[TASK DATA]
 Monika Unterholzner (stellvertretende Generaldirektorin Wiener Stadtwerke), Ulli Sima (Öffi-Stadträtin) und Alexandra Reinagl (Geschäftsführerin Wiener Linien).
---
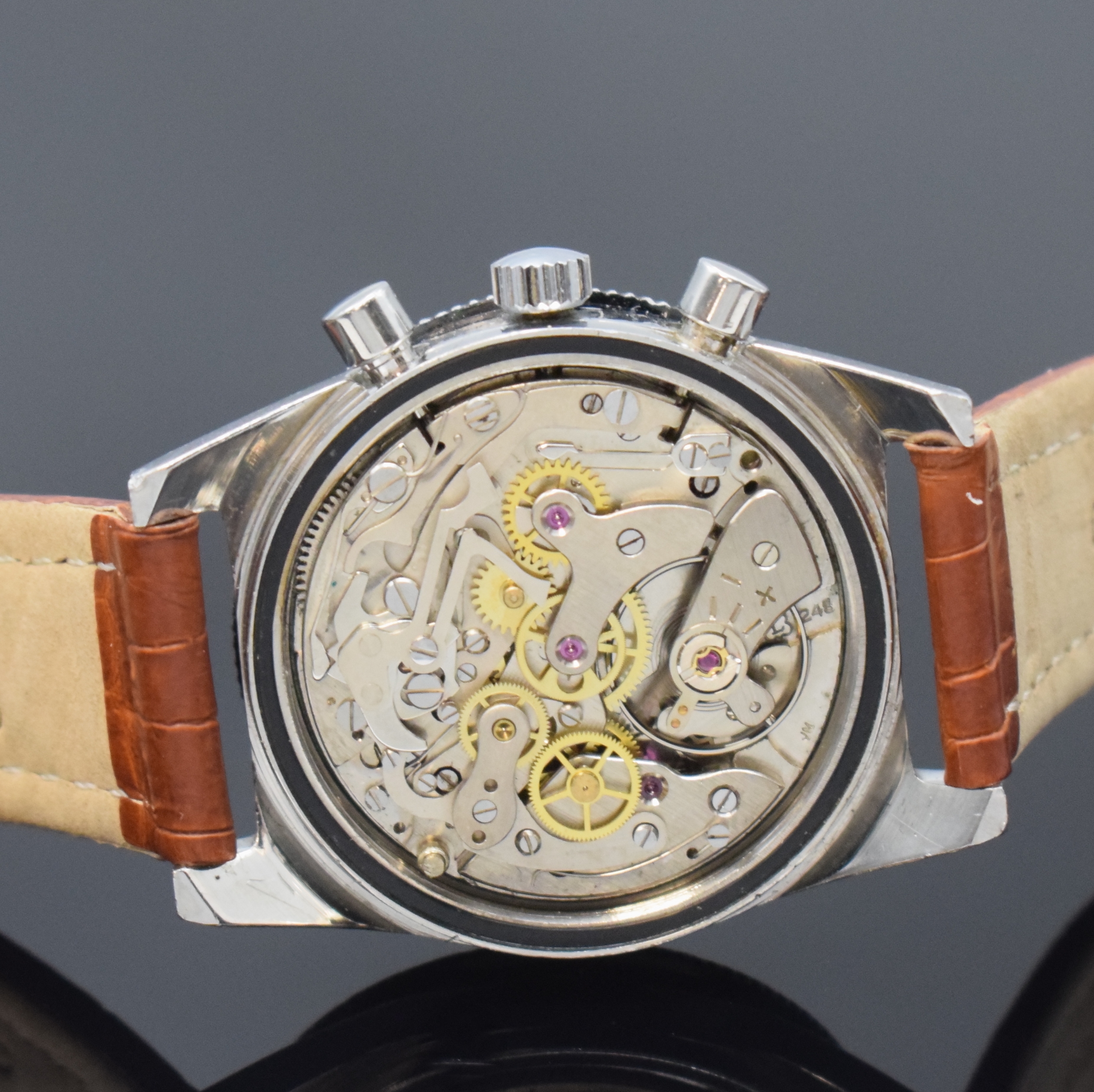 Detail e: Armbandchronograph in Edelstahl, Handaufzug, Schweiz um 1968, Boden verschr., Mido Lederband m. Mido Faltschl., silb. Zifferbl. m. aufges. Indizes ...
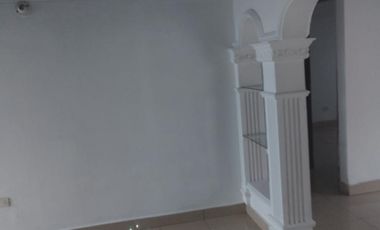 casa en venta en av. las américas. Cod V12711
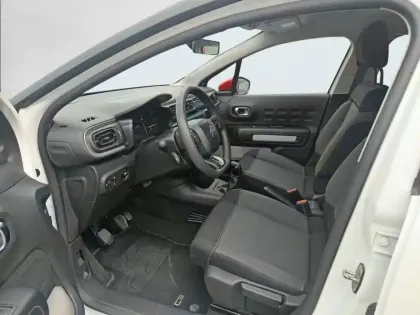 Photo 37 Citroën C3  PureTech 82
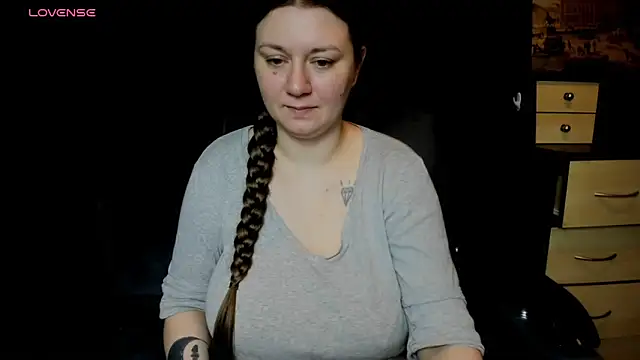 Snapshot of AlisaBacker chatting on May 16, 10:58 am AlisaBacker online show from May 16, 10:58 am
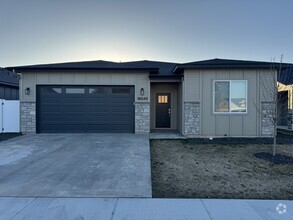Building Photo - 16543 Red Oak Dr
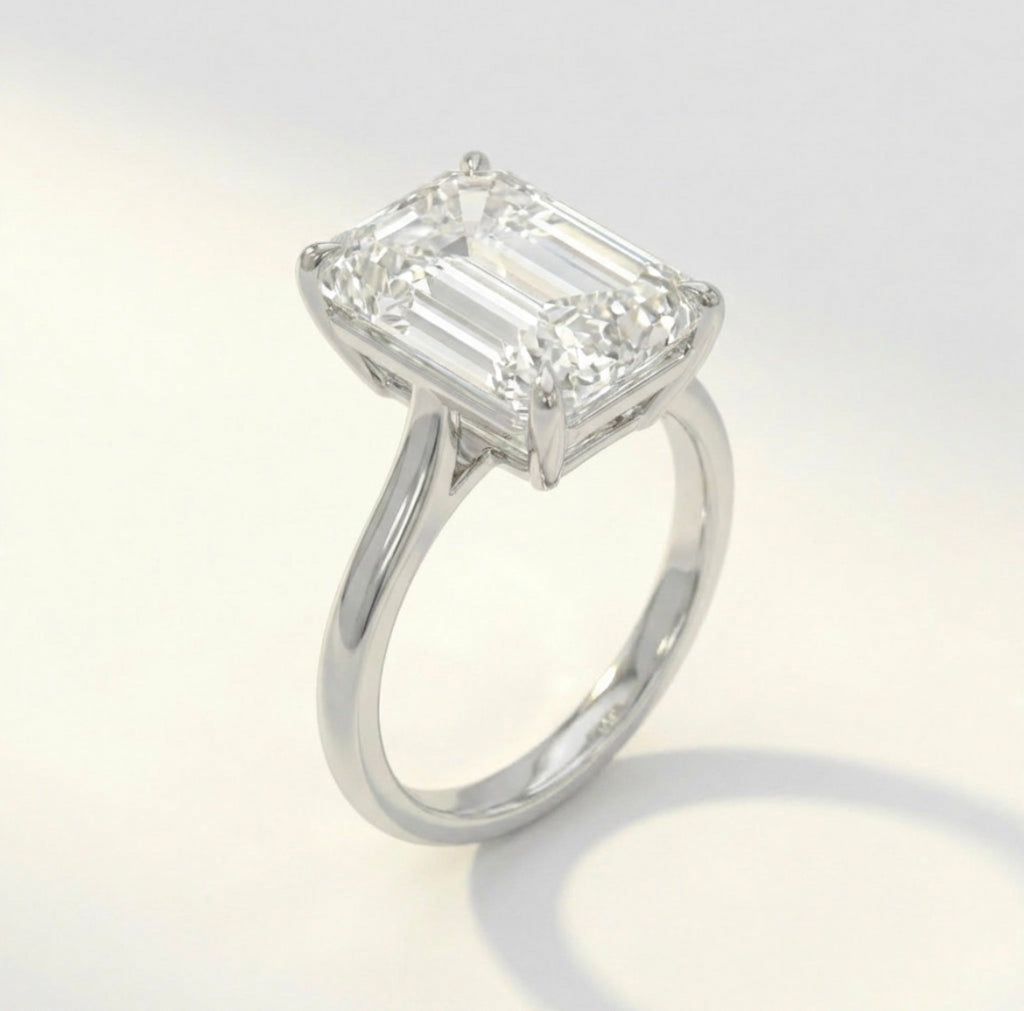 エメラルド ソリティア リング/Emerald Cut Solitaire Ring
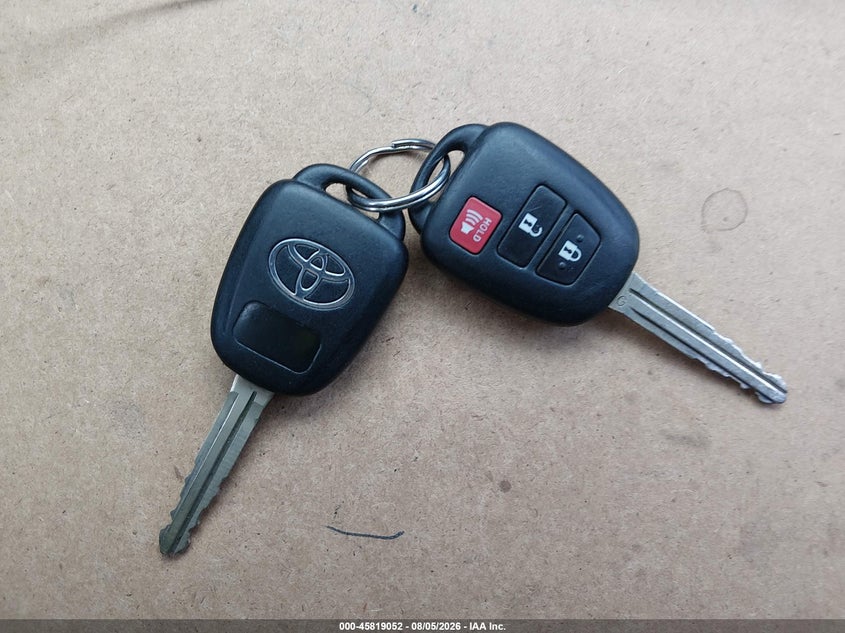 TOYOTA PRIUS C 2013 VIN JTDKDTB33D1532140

[AIM OF THE TASK]
Once the line with "casa en venta" is found above, print it and every line after it through the line with "TOYOTA PRIUS C 2013 VIN JTDKDTB33D1532140", exactly. Pictures stay out.

[TASK ANSWER]
 casa en venta en av. las américas. Cod V12711
 Photo 37 Citroën C3  PureTech 82
 Snapshot of AlisaBacker chatting on May 16, 10:58 am AlisaBacker online show from May 16, 10:58 am
Building Photo - 16543 Red Oak Dr
 エメラルド ソリティア リング/Emerald Cut Solitaire Ring
 TOYOTA PRIUS C 2013 VIN JTDKDTB33D1532140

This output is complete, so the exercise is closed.